RIDGEFIELD – If someone told you to get in the "backy-back," would you know where to go?

What if they asked you to put on some "woobies?"

These are the subject matter of Geof Huth’s "Words of the Family" installation at the Aldrich Museum of Contemporary Art. This piece, part of a larger exhibit called "Family," includes a dictionary and "wordex" (a Rolodex with words) of special made-up words that are used within families. The "backy-back" is "the way back of an SUV, behind the back seat" to one family, while "woobies" are "comfy, relaxation clothes" to another.

This ambitious show explores the constantly shifting nature of family life in the 21st century. Some recurring ideas include: marriage (traditional, non-traditional, and shunning of), children (to have or not to have, and how to raise), fertility (the use or waste of), sexuality, and aging.
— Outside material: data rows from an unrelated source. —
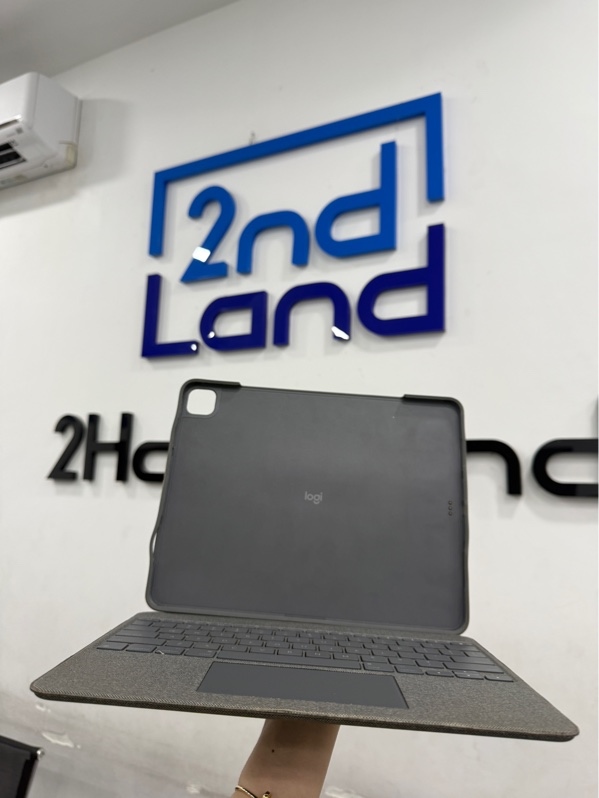 Bàn phím kiêm bao da Logitech Combo Touch For ipad pro - 12.9 inch - Màu xám - Ngoại hình 97% - Giãn cao su - Body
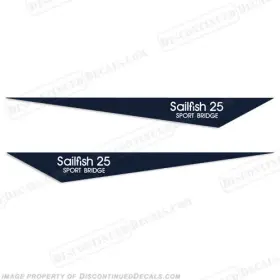 B-gw-pac-221-sb Discontinued Decals Fits Grady-white Pacific 221 Pennant - Sport Bridge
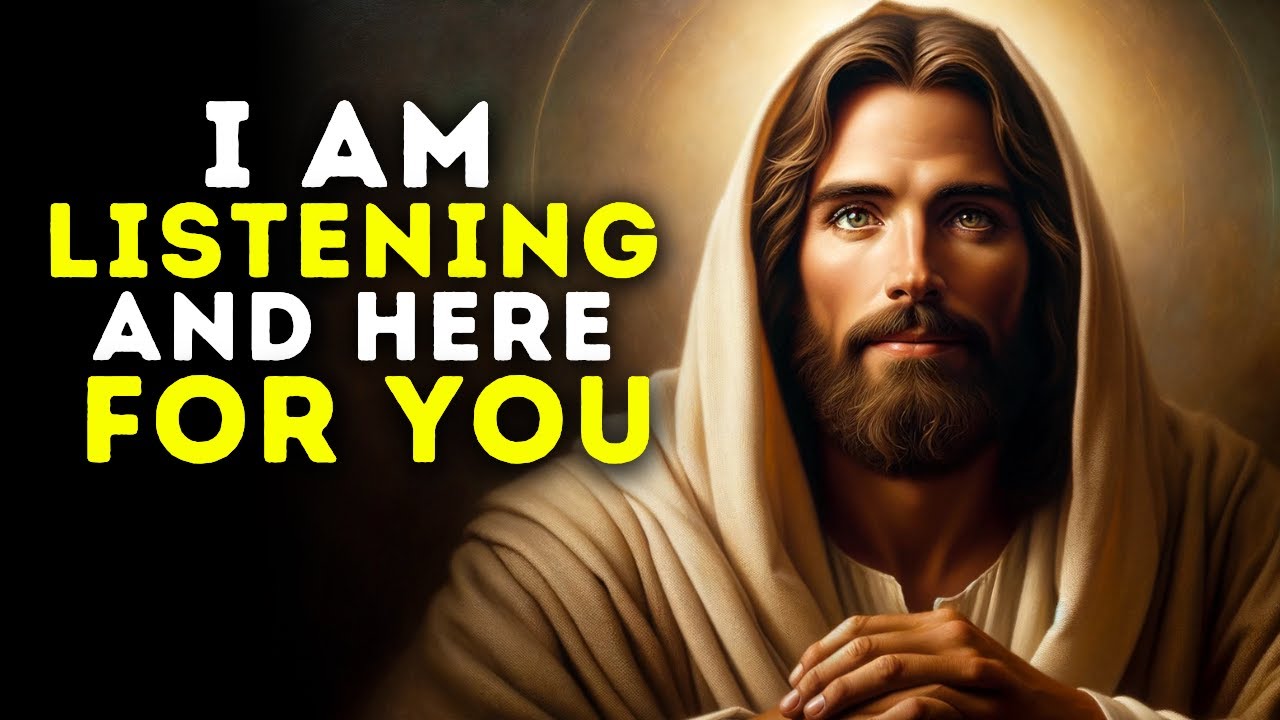 I Am Listening and Here for You | Gods message today | Gods message for me today | God's message Now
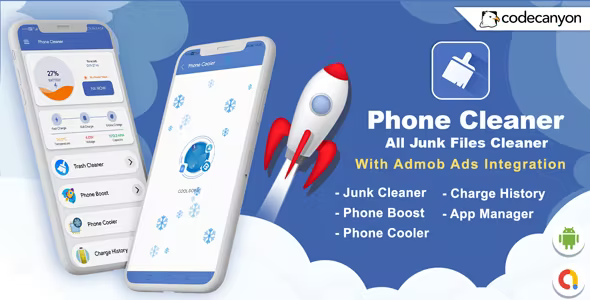 Android Phone Cleaner - Trash Cleaner, App Manager, Junk Cleaner, Phone Booster, CPU cooler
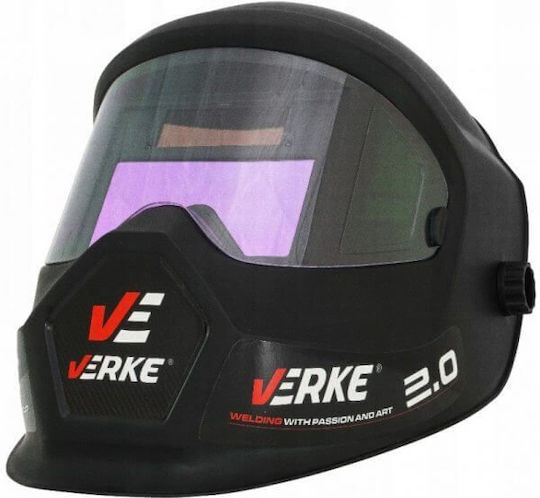 Verke Mască de Sudură de Câmp Optic 100x60mm Neagră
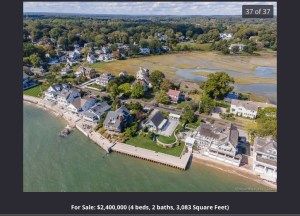 Ambrose's beach home is listed at $2.4 million.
And don’t expect to see some artist’s genealogical tree tracing back to "the old country" here; these works challenge the "existence of a ‘typical’ or ‘normal’ family.’ "

The 37 artists included employ mediums from painting and sculpture, to video and installation art.

Sean Mellyn’s "It’s A Beautiful Day" is the most appealing work in the show, in both idea and execution. It is also the least controversial. A colorful eight-foot-high painting depicts a beautiful blond toddler whose forehead is literally bursting open with her fanciful, nonsensical ideas. The cartoonish sculptures (it’s 3-D) "float" out of her head and onto the wall above, while other "ideas" have procured a ladder and are climbing down to the floor below where they march toward the viewer. A watermelon-like object "crawls" with a pair of chubby toddler arms and wheels instead of legs, a milk carton has toddler arms and legs but has fallen over and "his" milk is spilling out.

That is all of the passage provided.